Another interesting fact to note is that the world’s biggest 3D printer is currently situated in South Africa. The printer, which uses titanium powder to build its custom-made products was designed and built as part of a collaboration between Aerosud Innovation Center and the Council for Scientific and Industrial Research’s (CSIR) National Laser centre in Pretoria, South Africa.

African countries are beginning to realize the disruptive powers of 3D printing and its ability to accelerate economic growth on the continent.

Africa’s adoption lag is shrinking fast

Given its power to accelerate the growth of the manufacturing, health and agriculture sector, 3D printing could have a greater impact in African countries overwhelmed with supply chain issues and trade deficits. Some African countries import most of their basic goods, whose prices are often too expensive for citizens to afford.

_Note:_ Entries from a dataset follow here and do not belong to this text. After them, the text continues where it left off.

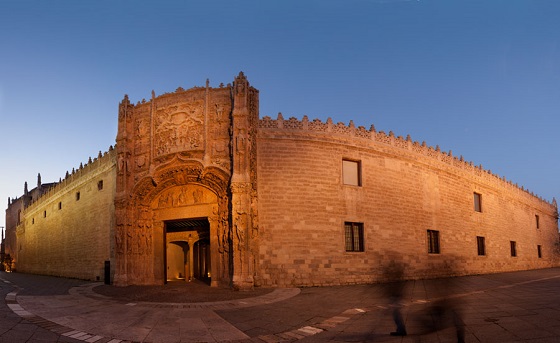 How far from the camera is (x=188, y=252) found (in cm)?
2541

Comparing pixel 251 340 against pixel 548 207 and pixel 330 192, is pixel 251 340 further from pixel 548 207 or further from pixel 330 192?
pixel 548 207

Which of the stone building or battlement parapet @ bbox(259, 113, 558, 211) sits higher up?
battlement parapet @ bbox(259, 113, 558, 211)

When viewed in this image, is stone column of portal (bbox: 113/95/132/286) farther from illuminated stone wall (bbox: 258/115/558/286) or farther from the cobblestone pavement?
illuminated stone wall (bbox: 258/115/558/286)

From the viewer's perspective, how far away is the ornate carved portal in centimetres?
1714

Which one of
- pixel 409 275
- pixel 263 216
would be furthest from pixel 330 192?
pixel 409 275

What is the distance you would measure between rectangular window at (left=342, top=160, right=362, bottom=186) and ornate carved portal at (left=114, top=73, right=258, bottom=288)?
5.01m

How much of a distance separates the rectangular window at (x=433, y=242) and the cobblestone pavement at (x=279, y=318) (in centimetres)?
901

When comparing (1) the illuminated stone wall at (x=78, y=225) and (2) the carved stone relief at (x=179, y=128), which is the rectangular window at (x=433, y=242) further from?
(1) the illuminated stone wall at (x=78, y=225)

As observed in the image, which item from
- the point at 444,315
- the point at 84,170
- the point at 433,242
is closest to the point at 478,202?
the point at 433,242

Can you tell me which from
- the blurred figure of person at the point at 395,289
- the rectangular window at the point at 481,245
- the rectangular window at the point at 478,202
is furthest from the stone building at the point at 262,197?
the rectangular window at the point at 478,202

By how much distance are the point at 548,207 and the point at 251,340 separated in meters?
46.0

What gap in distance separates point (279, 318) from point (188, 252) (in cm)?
Result: 1695

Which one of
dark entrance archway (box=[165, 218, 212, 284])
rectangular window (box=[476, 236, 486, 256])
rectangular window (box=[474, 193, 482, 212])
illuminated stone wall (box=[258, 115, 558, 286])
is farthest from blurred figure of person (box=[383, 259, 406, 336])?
rectangular window (box=[474, 193, 482, 212])

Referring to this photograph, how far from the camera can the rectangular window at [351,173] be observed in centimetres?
1966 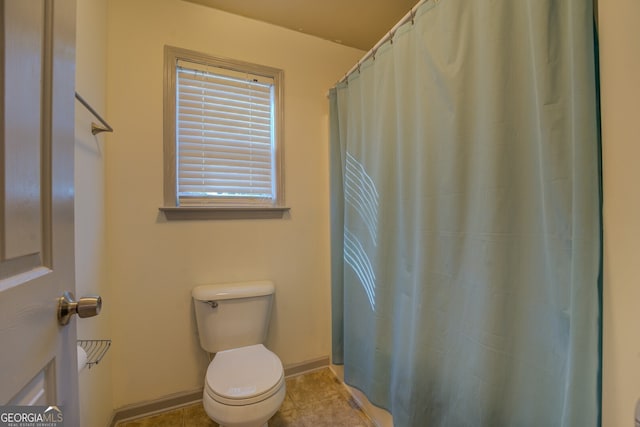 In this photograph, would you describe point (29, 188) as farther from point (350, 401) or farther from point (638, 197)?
point (350, 401)

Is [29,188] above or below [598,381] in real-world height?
above

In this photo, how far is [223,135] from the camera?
1.67 metres

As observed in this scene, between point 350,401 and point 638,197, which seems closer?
point 638,197

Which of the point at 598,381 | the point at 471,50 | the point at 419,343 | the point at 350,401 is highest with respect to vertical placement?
the point at 471,50

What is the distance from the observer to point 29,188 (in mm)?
458

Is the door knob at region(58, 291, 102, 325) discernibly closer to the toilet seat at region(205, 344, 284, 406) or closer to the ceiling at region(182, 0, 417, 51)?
the toilet seat at region(205, 344, 284, 406)

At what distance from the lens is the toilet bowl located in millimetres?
1069

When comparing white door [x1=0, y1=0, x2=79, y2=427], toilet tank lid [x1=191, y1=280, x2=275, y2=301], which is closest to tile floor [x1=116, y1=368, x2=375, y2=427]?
toilet tank lid [x1=191, y1=280, x2=275, y2=301]

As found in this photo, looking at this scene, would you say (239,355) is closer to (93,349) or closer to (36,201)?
(93,349)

Thankfully, the continent’s adoption lag is shrinking, as it now takes no more than three to four years for Africa to catch up with modern technology adopted by the world’s developed nations. Just think of fintech, telecoms, edtech or even the latest smartphones created by the world’s top two producers- Apple and Samsung.

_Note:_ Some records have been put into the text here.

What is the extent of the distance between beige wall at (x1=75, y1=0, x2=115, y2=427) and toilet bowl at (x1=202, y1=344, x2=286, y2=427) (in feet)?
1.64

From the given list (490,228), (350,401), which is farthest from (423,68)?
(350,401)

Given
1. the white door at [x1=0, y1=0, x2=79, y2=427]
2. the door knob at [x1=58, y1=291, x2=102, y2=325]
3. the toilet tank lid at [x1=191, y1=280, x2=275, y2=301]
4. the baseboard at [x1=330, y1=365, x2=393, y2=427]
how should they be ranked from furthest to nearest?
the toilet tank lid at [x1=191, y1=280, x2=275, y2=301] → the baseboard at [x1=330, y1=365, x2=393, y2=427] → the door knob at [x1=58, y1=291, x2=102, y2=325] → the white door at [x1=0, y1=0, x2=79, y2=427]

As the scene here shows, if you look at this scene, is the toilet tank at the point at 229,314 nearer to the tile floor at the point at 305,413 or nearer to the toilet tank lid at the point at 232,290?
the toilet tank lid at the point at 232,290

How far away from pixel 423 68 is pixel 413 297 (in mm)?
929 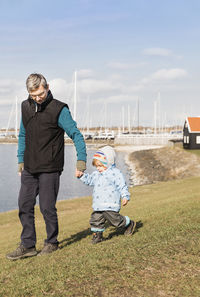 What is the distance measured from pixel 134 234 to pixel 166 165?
46.7 meters

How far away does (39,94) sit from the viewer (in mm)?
5227

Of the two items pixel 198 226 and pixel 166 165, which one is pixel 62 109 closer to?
pixel 198 226

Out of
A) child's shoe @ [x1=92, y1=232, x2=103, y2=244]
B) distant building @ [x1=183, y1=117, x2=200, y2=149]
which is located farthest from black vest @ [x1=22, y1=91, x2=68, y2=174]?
distant building @ [x1=183, y1=117, x2=200, y2=149]

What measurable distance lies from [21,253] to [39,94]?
2502 millimetres

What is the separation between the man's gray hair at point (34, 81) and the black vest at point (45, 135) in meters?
0.27

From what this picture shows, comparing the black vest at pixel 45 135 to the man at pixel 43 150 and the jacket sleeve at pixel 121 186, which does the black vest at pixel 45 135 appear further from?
the jacket sleeve at pixel 121 186

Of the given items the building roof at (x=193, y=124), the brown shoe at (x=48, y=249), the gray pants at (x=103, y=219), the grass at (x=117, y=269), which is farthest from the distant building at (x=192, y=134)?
the brown shoe at (x=48, y=249)

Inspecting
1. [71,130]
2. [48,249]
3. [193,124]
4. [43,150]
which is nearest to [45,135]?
[43,150]

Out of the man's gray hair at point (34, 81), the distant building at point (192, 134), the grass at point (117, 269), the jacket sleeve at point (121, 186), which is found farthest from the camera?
the distant building at point (192, 134)

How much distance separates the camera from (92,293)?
12.7ft

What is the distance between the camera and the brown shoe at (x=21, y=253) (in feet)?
18.6

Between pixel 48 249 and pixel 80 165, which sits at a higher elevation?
pixel 80 165

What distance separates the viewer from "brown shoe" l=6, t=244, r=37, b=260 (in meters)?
5.66

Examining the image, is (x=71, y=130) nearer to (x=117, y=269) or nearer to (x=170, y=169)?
(x=117, y=269) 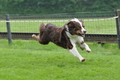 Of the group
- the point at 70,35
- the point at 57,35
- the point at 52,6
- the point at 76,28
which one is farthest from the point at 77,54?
the point at 52,6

If Africa embraces this technology, it could ensure a level playing field that leapfrogs the continent’s manufacturing sector, enabling a healthy competition with developed nations. Yep, Africa finally has the chance to be drafted in the major leagues (all right, no more sports references).

The gist of it is that 3D printing will help businesses on the continent reduce their reliance on imported materials. The technology enables entrepreneurs to create their products in-house, a process that will be faster, cheaper and more efficient. Plus, rather than being forced to inject fresh capital, manufacturers can improve or create new products by simply tweaking product specifications with a 3D printing software.

How can we speed up the adoption process?

There are quite a few achievements, but there is still a lot of work to be done. Private institutions and non-profits can support and fund 3D printing initiatives by encouraging its infusion into the school curriculum or mentoring startups working with the technology.

Finally, it is imperative for African governments to develop and implement policies that will encourage the adoption of technology.